1. When the client's security runtime has succeeded in decrypting conversation key 3, it next wants to acquire a PTGT from the privilege service. Before a request for a PTGT can even be formulated, however, a service ticket to the privilege service must be acquired. The client's security runtime therefore begins by requesting such a service ticket from the TGS. The security runtime encrypts this request by using the conversation key 3 (which is also sealed in the client's TGT); it also sends along the client's TGT.

2. The TGS decrypts the TGT (which was encrypted in the KDS's secret key), learning conversation key 3, and verifies that the request was properly encrypted by using conversation key 3. This convinces the TGS that the identity of the requesting client is authentic; that is, no other principal could have sent a message so encrypted because no other principal knows conversation key 3. (The reader should review the preceding steps if necessary to be convinced that this is true.) Since the user has demonstrated to the TGS knowledge of the key, the TGS allows the user to talk to the privilege service, and so prepares a service ticket to that service. This ticket contains the identity of the user (and a conversation key 4), encrypted under the secret key of the privilege service (which the TGS retrieves from the registry service). The TGS separately encrypts conversation key 4 under conversation key 3, and returns this data to the client.

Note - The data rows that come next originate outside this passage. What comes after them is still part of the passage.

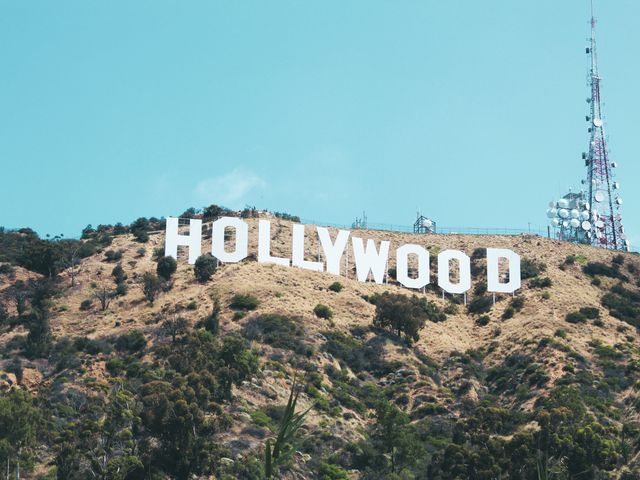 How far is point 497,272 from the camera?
10762cm

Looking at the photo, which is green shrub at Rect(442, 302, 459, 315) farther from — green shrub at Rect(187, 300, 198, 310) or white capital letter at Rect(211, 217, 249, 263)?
green shrub at Rect(187, 300, 198, 310)

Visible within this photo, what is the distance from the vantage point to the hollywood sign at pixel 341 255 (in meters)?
101

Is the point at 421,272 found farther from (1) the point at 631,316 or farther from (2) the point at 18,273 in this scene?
(2) the point at 18,273

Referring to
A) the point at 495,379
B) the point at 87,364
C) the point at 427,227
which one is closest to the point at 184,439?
the point at 87,364

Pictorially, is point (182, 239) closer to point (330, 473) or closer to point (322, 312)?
point (322, 312)

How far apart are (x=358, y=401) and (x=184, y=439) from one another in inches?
783

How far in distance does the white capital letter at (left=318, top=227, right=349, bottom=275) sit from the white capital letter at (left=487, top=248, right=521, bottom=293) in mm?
14321

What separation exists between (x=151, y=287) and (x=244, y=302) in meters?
8.35

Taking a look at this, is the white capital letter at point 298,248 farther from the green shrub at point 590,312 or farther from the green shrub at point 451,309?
the green shrub at point 590,312

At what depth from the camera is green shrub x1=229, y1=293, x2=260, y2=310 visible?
306ft

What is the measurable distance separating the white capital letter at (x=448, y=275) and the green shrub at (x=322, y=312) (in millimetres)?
16018

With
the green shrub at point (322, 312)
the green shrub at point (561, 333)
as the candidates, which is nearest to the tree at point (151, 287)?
the green shrub at point (322, 312)


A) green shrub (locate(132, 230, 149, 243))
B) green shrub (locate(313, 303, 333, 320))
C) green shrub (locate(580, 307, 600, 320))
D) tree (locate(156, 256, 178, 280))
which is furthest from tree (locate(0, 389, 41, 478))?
green shrub (locate(580, 307, 600, 320))

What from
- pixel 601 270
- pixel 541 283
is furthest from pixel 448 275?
pixel 601 270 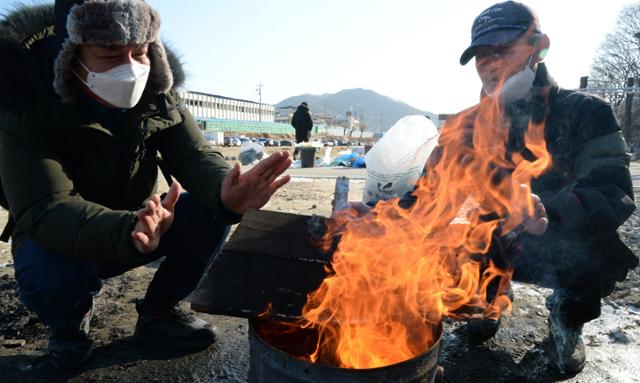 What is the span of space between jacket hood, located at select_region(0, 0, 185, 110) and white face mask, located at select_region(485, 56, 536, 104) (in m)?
2.67

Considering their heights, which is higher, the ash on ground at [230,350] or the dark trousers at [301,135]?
the dark trousers at [301,135]

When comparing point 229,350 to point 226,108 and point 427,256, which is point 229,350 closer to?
point 427,256

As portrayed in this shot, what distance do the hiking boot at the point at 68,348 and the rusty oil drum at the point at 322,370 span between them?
51.0 inches

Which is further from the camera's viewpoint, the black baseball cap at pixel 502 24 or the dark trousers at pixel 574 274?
the black baseball cap at pixel 502 24

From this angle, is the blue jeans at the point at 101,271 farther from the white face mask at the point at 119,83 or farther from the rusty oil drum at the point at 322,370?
the rusty oil drum at the point at 322,370

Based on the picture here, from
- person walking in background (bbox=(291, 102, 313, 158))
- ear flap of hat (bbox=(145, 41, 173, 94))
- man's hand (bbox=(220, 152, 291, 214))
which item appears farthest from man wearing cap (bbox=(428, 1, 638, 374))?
person walking in background (bbox=(291, 102, 313, 158))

Note: Beginning with the following figure, the illustrations do not emphasize all the TGS encryption and decryption activities (such emphasis would be redundant since the TGS knows all of the keys).

3. Upon receipt of this data, the client's security runtime uses conversation key 3 to decrypt conversation key 4. The client then formulates a request for a PTGT, encrypting it with conversation key 4, and sends this together with the service ticket it just received from the TGS, to the privilege service.

4. The privilege service decrypts the service ticket sent to it (using its secret key), thereby learning the identity of the client and the conversation key 4 it will use to decrypt the request and to encrypt its response. The privilege service is convinced of the authenticity of this request because the information was encrypted under its own secret key, and no principal other than the KDS (acting as the TGS) could have encrypted the information by using this secret key. Because the privilege service believes the authenticity of the client's identity, it prepares an extended privilege attribute certificate (EPAC) to issue to the client. (Actually, in the pure DCE Version 1.0 protocol this would be a PAC, not an EPAC, but since this is a high-level description intended for both releases we'll just talk about EPACs without fear of confusion. So what we're really describing here is an extended privilege TGT, or EPTGT, though we'll continue to call it a PTGT.)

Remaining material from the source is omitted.